- Task to carry out
What is needed is an exact copy of the listing, with no pictures in it.

START Data excerpt

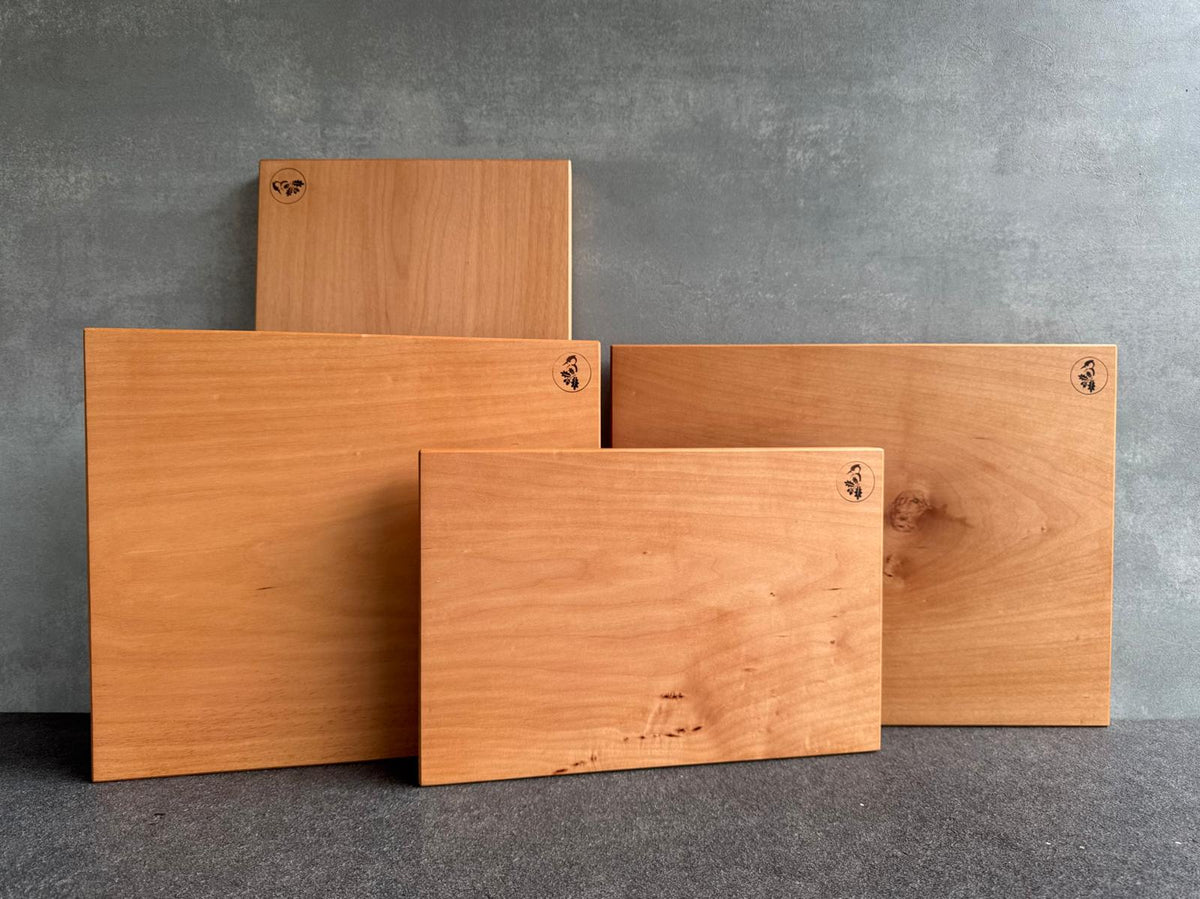 Gedämpfter Spitzahorn - Schneidebretter aus einem Stück in verschiedenen Größen.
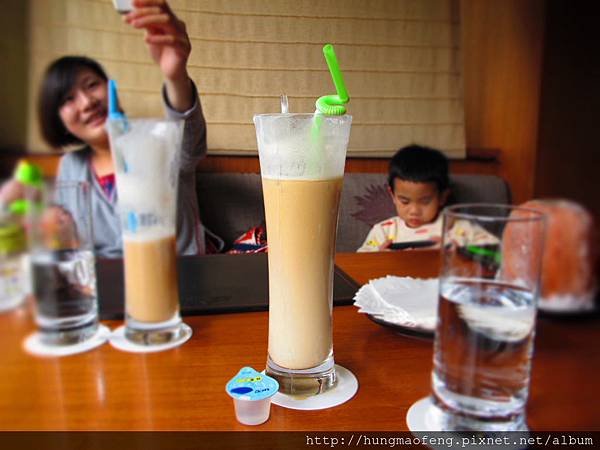 台北烏來 --- 馥蘭朵溫泉泡湯 &amp; 烏來老街一日遊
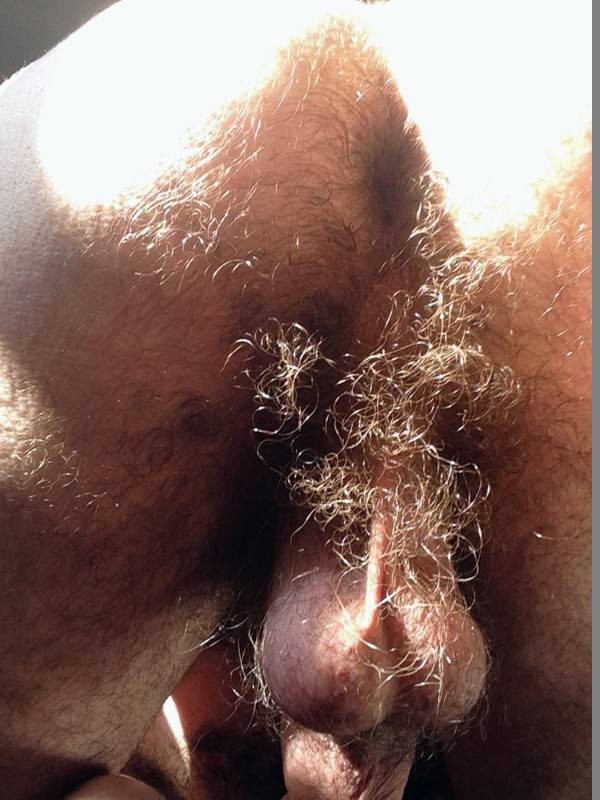 naked hairy man butt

END Data excerpt

- Written response
 Gedämpfter Spitzahorn - Schneidebretter aus einem Stück in verschiedenen Größen.
 台北烏來 --- 馥蘭朵溫泉泡湯 &amp; 烏來老街一日遊
 naked hairy man butt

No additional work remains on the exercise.